As I left, I was still unclear as to how we as a maths department could ensure that the targets would be met and the identified borderline students would achieve in both subjects?  Should these students receive preferential intervention above that of their peers? And what would this intervention look like? And shouldn’t I be making sure that all students get good quality teaching in the classroom rather than relying on interventions?

I was adamant however that whatever strategies were to be implemented, they had to make a difference. Some would be applicable to all students, for example the tier of entry, access to revision classes, availability of resources, understanding of the curriculum and progression between grades. But this wasn’t going to be enough. The new list of targeted students required something special and the overall responsibility had been given to both the Head of English and Head of Maths.

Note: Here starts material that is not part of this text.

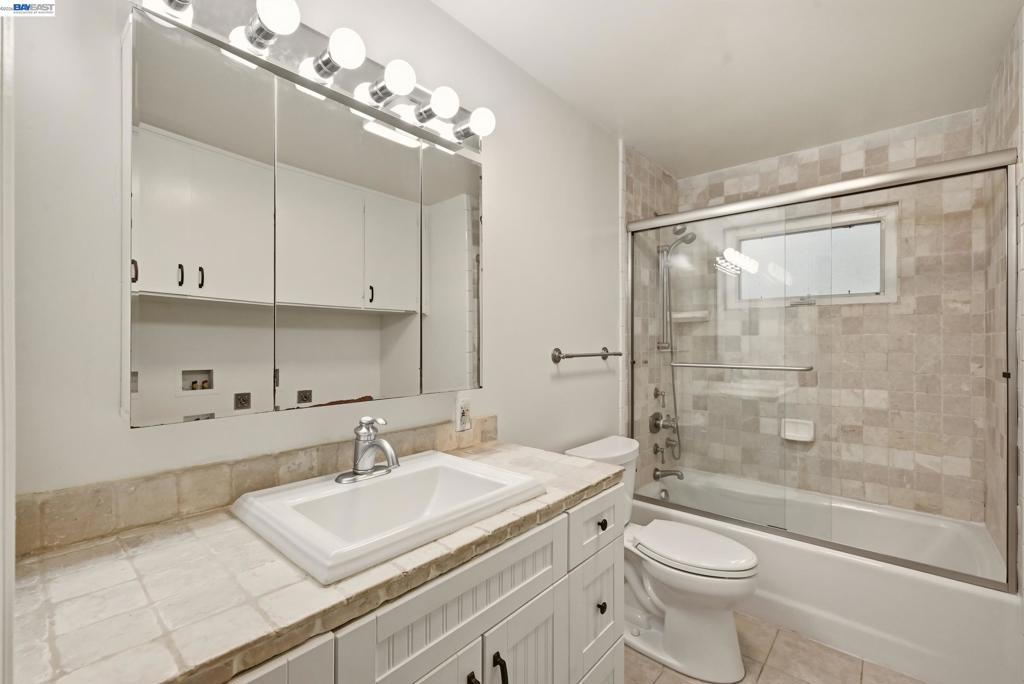 10160 Crow Canyon Rd Property Photo 20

After much discussion and deliberation, the planned strategies fell into two camps, i.e. long and short term. The introduction of Process Skills within the renewed Programme of Study, together with our increasing understanding of Functional Skills, focussed our attention on looking for commonalities between the two contrasting subject areas. This was to include ways in which transferable skills could be collaboratively developed and applied by the students. Unfortunately, this was believed to be too ambitious for our Year 11s this late on in the year. The employed short-term strategies are to consist of increased dialogue with parents, mentoring and assistance with revision. It is important for me to ensure all students get access to the same level of support. However, in this target-driven environment some are now deemed more equal than others.